## EXERCISE PROMPT
Leaving the pictures aside, restate all of the data exactly.

(Beginning of INFORMATION SHOWN)

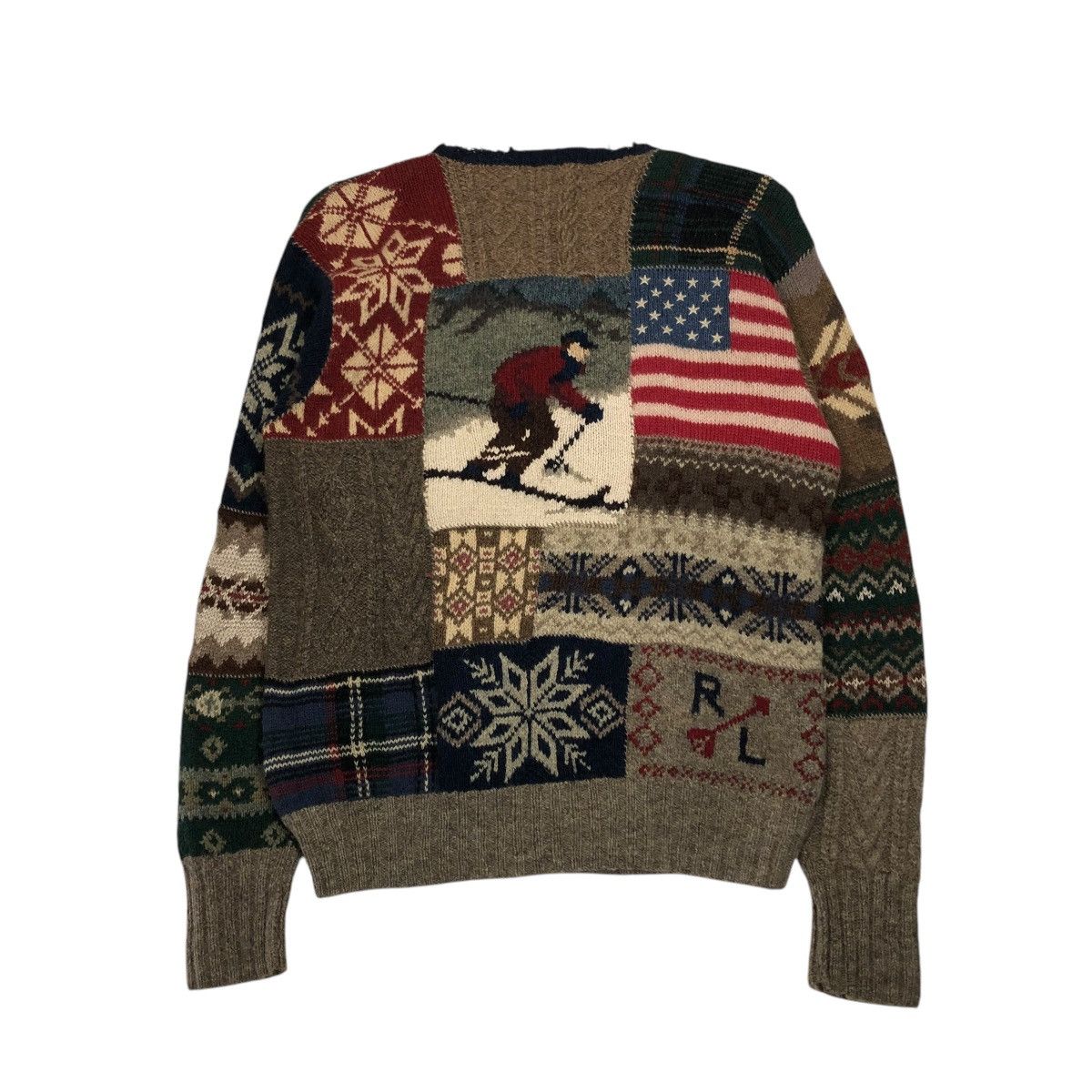 🔥VINTAGE POLO RALPH LAUREN SKI WOOL LINEN HAND KNIT SWEATER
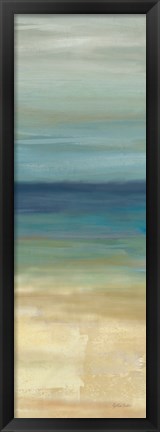 Framed Navy Blue Horizons Panel I Print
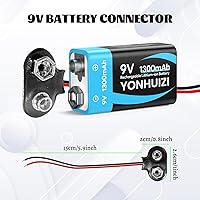 Vista 6 de Baterías recargables de 9 V de 1300 mAh, batería cuadrada de iones de litio de 9 voltios+cable de carga USB-C+conector de hebilla de 9 voltios
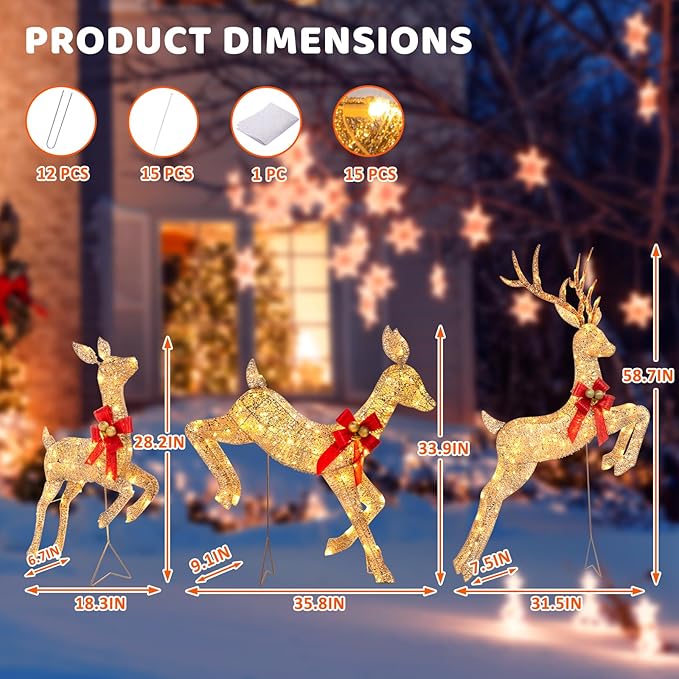 3-Piece Lighted Reindeer Christmas Decoration with 210 Warm White LED Lights, 5FT 3D Glittered Christmas Deer Family Set Outdoor Decorations, Plug in Deer Decor for Lawn Yard Patio Garden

(End of INFORMATION SHOWN)

## WRITTEN SOLUTION
 🔥VINTAGE POLO RALPH LAUREN SKI WOOL LINEN HAND KNIT SWEATER
 Framed Navy Blue Horizons Panel I Print
 Vista 6 de Baterías recargables de 9 V de 1300 mAh, batería cuadrada de iones de litio de 9 voltios+cable de carga USB-C+conector de hebilla de 9 voltios
 3-Piece Lighted Reindeer Christmas Decoration with 210 Warm White LED Lights, 5FT 3D Glittered Christmas Deer Family Set Outdoor Decorations, Plug in Deer Decor for Lawn Yard Patio Garden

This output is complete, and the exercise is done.